How does this all relate to Anne Dolan’s article about history and commemoration? It relates because the Decade of Commemoration/Ireland 2016 is an opportunity for collaboration. Based on the community-led approach of The Gathering, Ireland 2016 puts history centre stage along with a desire to link local communities, tourists, the Irish diaspora and historians. Ireland 2016 will help popularise history with a huge audience - it is an opportunity for historians to write for a wider audience (not just for other historians) and to bring their experience and methods to the public. Ireland 2016 will also result in an explosion in the digital publication of local histories focused on 1913-1923. Families, communities, local groups can all contribute to the Decade of Commemoration as equal partners providing rich seams of information which can be mined by historians for generations to come. The question historians must ask themselves is do they want to participate now or are they happy to watch communities do it for themselves.

The tools for recording and publishing our histories are in most Irish household today - a laptop, smartphone and broadband connection now enable citizen researchers to research and publish independently - historians and Ireland 2016 need to work within and encourage this new democratised history and work with the same goodwill which was encountered during The Gathering.

Warning

Dr Dolan’s newspaper article about Commemoration ends with a warning though- 

We all have some sort of pride in a version of the past that swells our chests and sets our pulses racing to the beat of an anthem and, whatever comes of commemoration in 2016, both politician and historian might be mindful of that.”

From this I take the warning that just as Tommy Mooney’s account of the old comrades got my own heart racing (see video above), we can all be easily stirred by these histories and when emotion is at play it is easy to miss-step - to lose balance.

I am certain Anne Dolan is right when I visit the Piltown Memorial. The iconography used on the 2008 memorial is late 20th century, not early - the Volunteers who stand with bowed heads hold armalites not shotguns or Mausers and remind me of copies of An Phoblacht which circulated amongst us teenagers of the 1980s. What have armalites got to do with the events of November 1920 and June 1921? Not much, some would say and, everything, would say others. There are many who would agree with armalites being portrayed on the 2008 memorial and many more who think it inappropriate and therein lies the rub. As for me, I'd love to sit down with the committee who erected the memorial and get their take on how it went.
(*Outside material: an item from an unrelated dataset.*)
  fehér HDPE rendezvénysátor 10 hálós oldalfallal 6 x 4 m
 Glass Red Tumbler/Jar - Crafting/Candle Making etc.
It is a hard history to tell when there was blood on the streets - but we must not shirk the telling just because it is hard. The challenge is to tell it well - with rigour and sensitivity - that is the challenge historians, families and communities have in the coming years for Ireland 2016.

 

References

http://www.tcd.ie/history/staff/adolan.php

Dolan, A 2015 http://www.irishtimes.com/opinion/commemorating-1916-how-much-does-the-integrity-of-the-past-count-1.2052868 (accessed Jan 2nd 2015)

Mooney, Tommy 2012 Cry of the Curlew. A History of the Déise Brigade IRA and the War of Independence. Dungarvan.

Mooney, Tommy 2014 The Déise Divided. A History of the Waterford Brigade IRA and the Civil War. Dungarvan.